Although co-productions contributed only a small proportion of total production budgets in Australia, individual co-productions tend to have higher budgets. Of the 35 co-produced feature films, 49 per cent had budgets in excess of $10m. By comparison, only 18% of all Australian-produced features between 1988/89 and 2005/06 reached this level. Mini-series showed a similar bias: 90% of co-productions had budgets between $6 and $20m compared with just 61% of all series over the same period.

Co-production is a more common production mode for children's television drama. In the six years to 2005/06, the Australian industry averaged 96 hours of co-produced TV drama, at budgets of $61.8m. Of this, 27 hours were dedicated to children's drama, at average annual budgets of $16.1m. The higher reliance on co-production for children's content stems from the difficulty of financing children's programs, and the ability of children's animation to translate easily into different cultures.
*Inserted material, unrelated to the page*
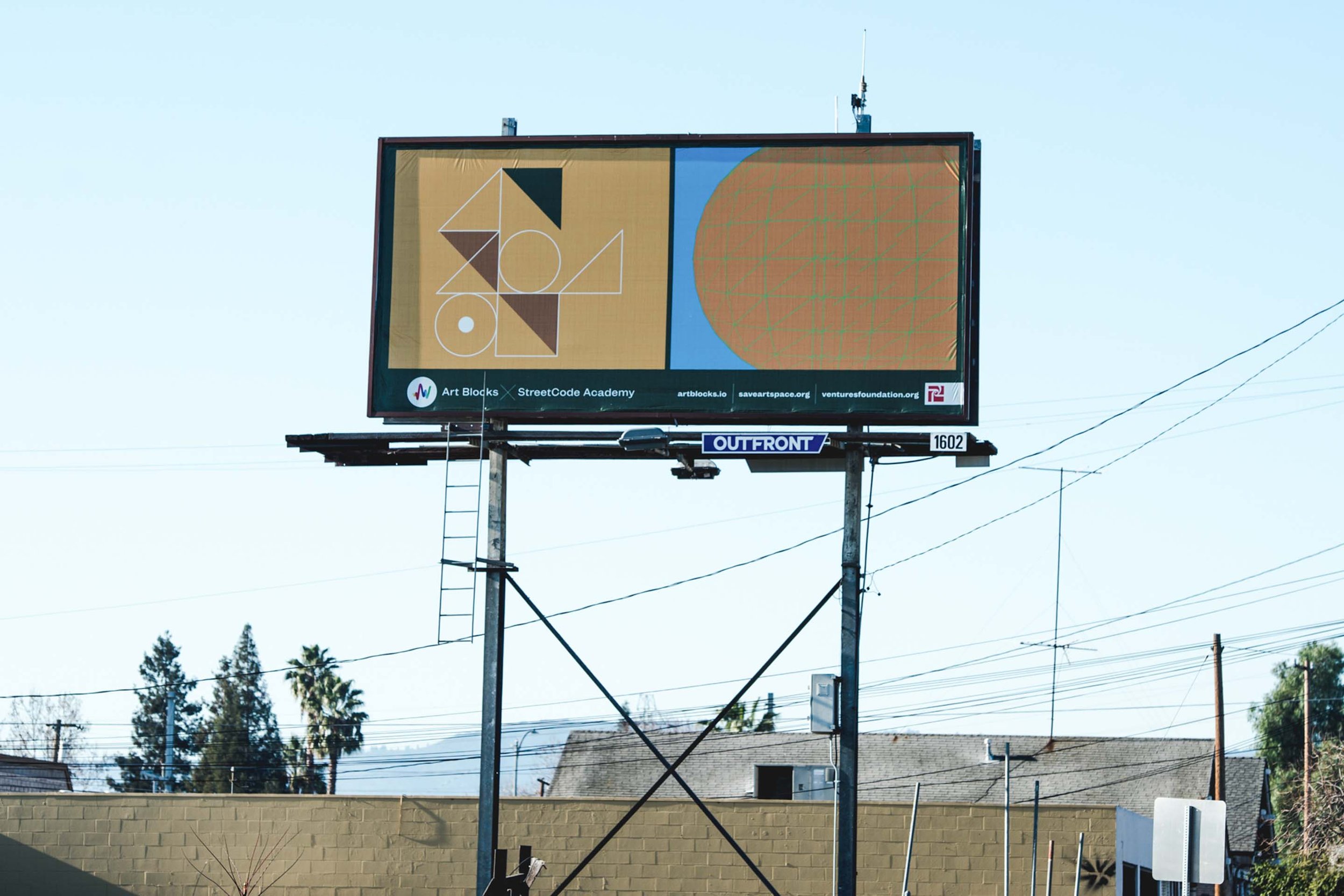 NFT Billboards SJ,EPA,RWC -6.jpg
While the trend through the 1990s was for a greater total spend in Australia for co-productions, reaching a high of $111m in 2001/2002, the trend since then has been downward, with only $36m being spent in 2005/06. This is largely due to a fall in television drama co-production from a high of $83m in 2001/02 to just $23m in 2005/06. Feature films, on the other hand, have experienced a revival from 2000/01, but have only averaged a modest $22.2m in Australian spend in the six years from 2001/02.

==The future of co-production in Australia==

A number of economic, industry and cultural factors influence decisions to undertake an official co-production. These factors include the value of the Australian dollar, the availability of skilled crews, access to tax offsets and other financial incentives, the generation of creative content and the signing of further bilateral agreements. Higher production budgets, falling television license fees and lower distribution guarantees are all factors that will continue to drive the international demand for co-productions. As discussed by Hoskins, McFadyen, & Finn, Australian producers find financial pooling the most important benefit of co-production and it is likely that this will be pursued more vigorously in the future.

The recently introduced Producer Offset is also expected to drive a higher level of co-production. Australian production companies making official co-productions will be automatically entitled to a tax offset of 40% of qualifying Australian production expenditure (QAPE) for feature films and 20% of QAPE for documentary, television series, telemovies and short animation.

An increase in the number of countries with which Australia has co-production agreements may also encourage greater levels of co-production. Australia recently entered into agreements with China and Singapore, increasing the number of agreements to 11. Further, Australia has signed agreements with a number of European countries which are parties to the European Convention on Cinematographic Co-production. Indirectly, this convention may provide further opportunities for collaboration with other European Union countries.

Noting the favourable performance results for Australian co-productions, Hoskins, McFadyen and Finn advocate 'greater government initiative in treaty negotiation and increased official openness to international co-production'. As the Australian film financing landscape shifts over the coming period, there is every chance that these policy issues will provide the grist for further discussions. At the same time, we can expect that Australian producers and their international partners will seek out innovative ways to harness the benefits of co-production, particularly in light of the new tax regime.